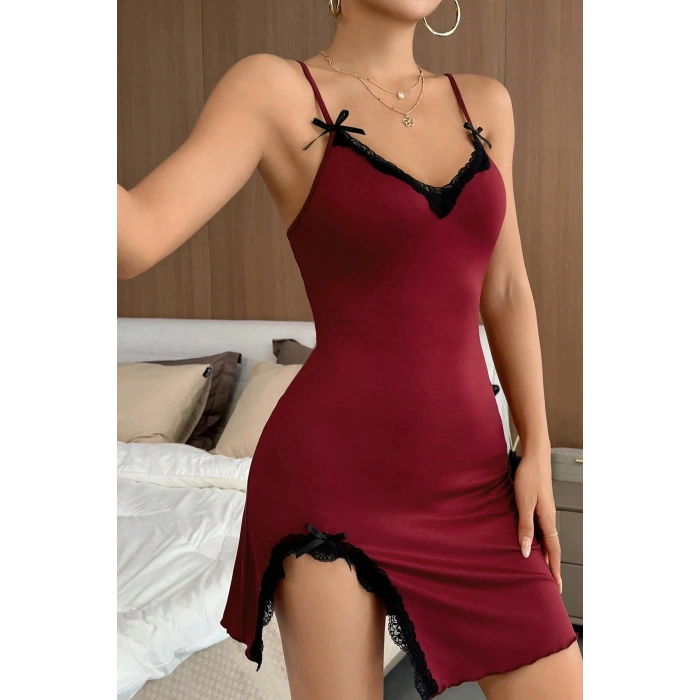 Kadın Bordo Bacak Yırtmaçlı Siyah Dantelli ve Fiyonklu Şık Gecelik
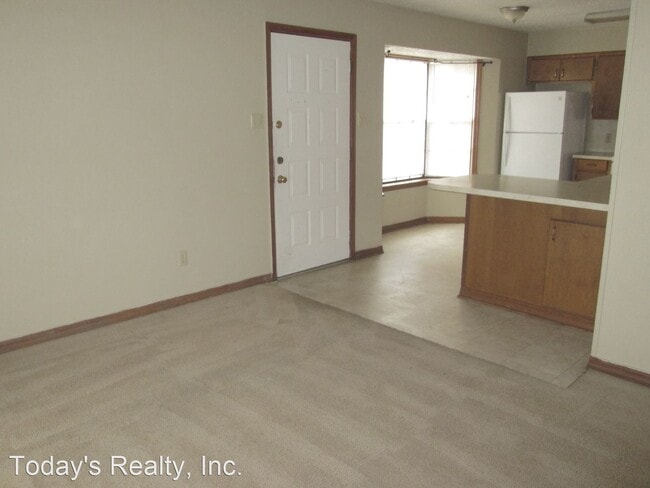 Building Photo - 2 br, 1 bath House - 1036 Sybil Drive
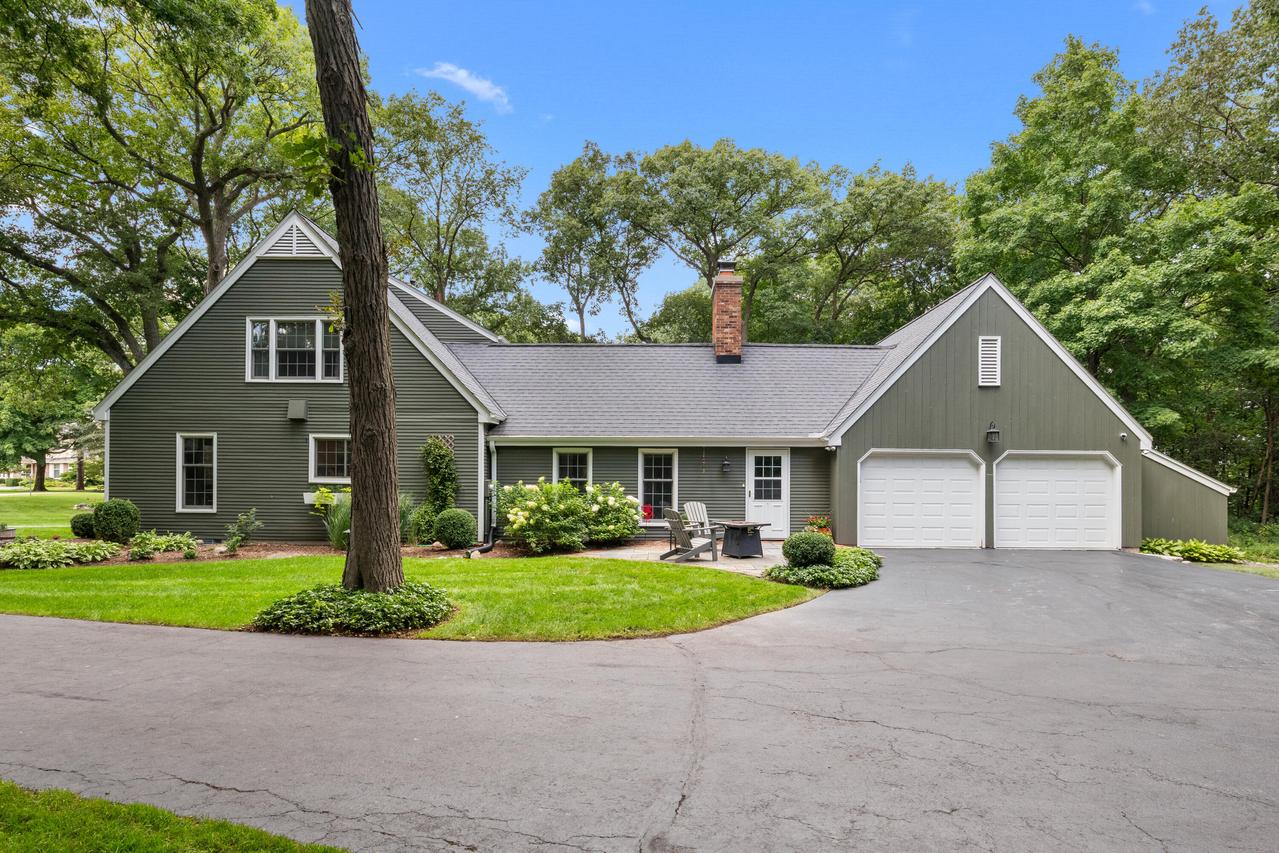 N63W29784 Woodfield Ct, Merton, WI 53029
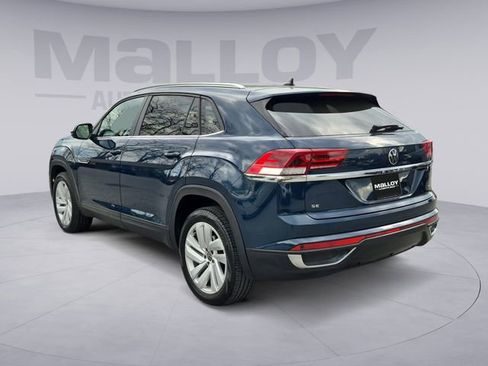 Used 2023 Volkswagen Atlas Cross Sport SE w/ Panoramic Sunroof Package image 3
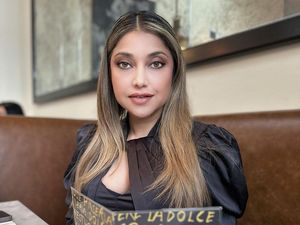 Sarah Azhari Cuma Ketemu Suami 3 Kali Setahun, Pernikahan Langgeng 2 Dekade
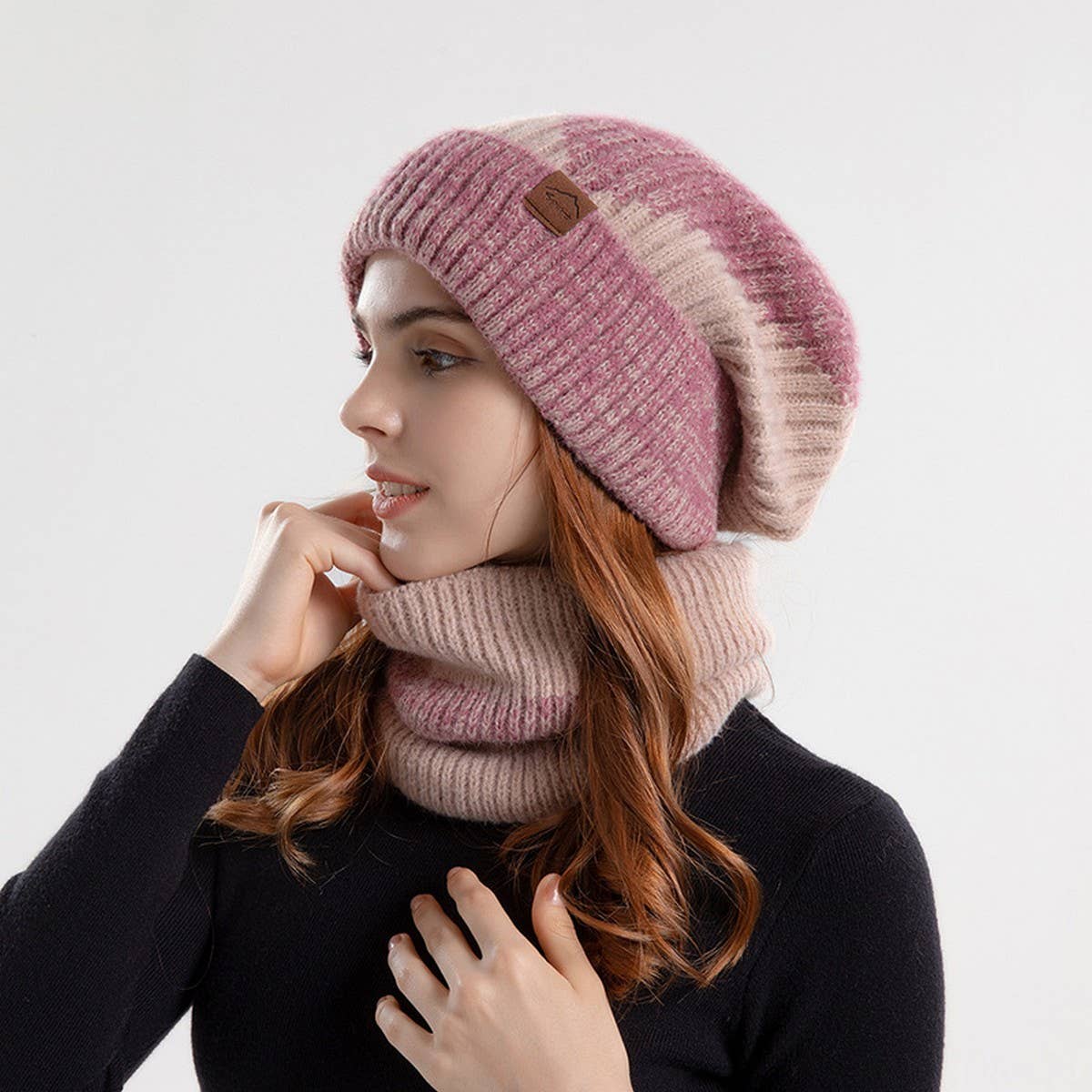 WINTER TWO-COLOR HAT AND SCARF TWO-PIECE SET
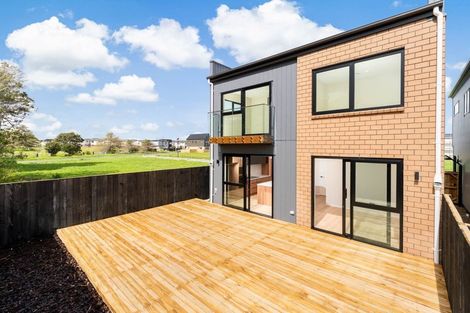 Photo of property in 43 Picnic Point Road, Hobsonville, 0616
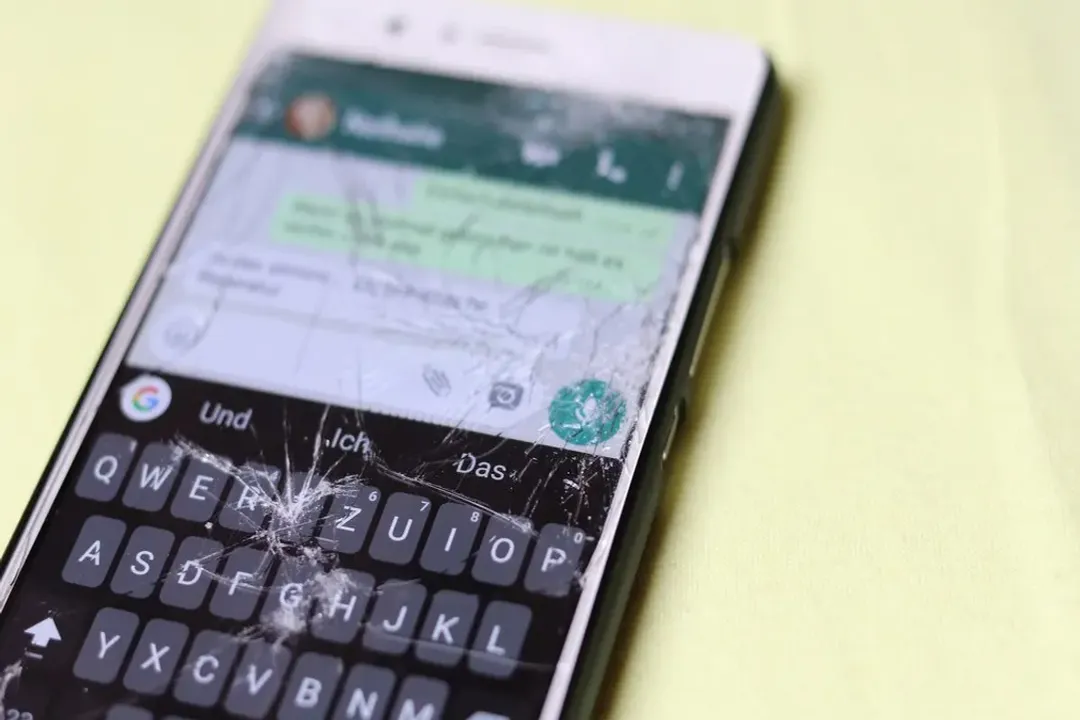 Rüyada telefonumun arkasını kırık görmek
◇ ◇ ◇ ◇ ◇ ◇ ◇
Task directions: Output each entry shown above exactly as it stands, with all pictures removed.

Problem solution:
 Kadın Bordo Bacak Yırtmaçlı Siyah Dantelli ve Fiyonklu Şık Gecelik
 Building Photo - 2 br, 1 bath House - 1036 Sybil Drive
 N63W29784 Woodfield Ct, Merton, WI 53029
 Used 2023 Volkswagen Atlas Cross Sport SE w/ Panoramic Sunroof Package image 3
 Sarah Azhari Cuma Ketemu Suami 3 Kali Setahun, Pernikahan Langgeng 2 Dekade
 WINTER TWO-COLOR HAT AND SCARF TWO-PIECE SET
 Photo of property in 43 Picnic Point Road, Hobsonville, 0616
 Rüyada telefonumun arkasını kırık görmek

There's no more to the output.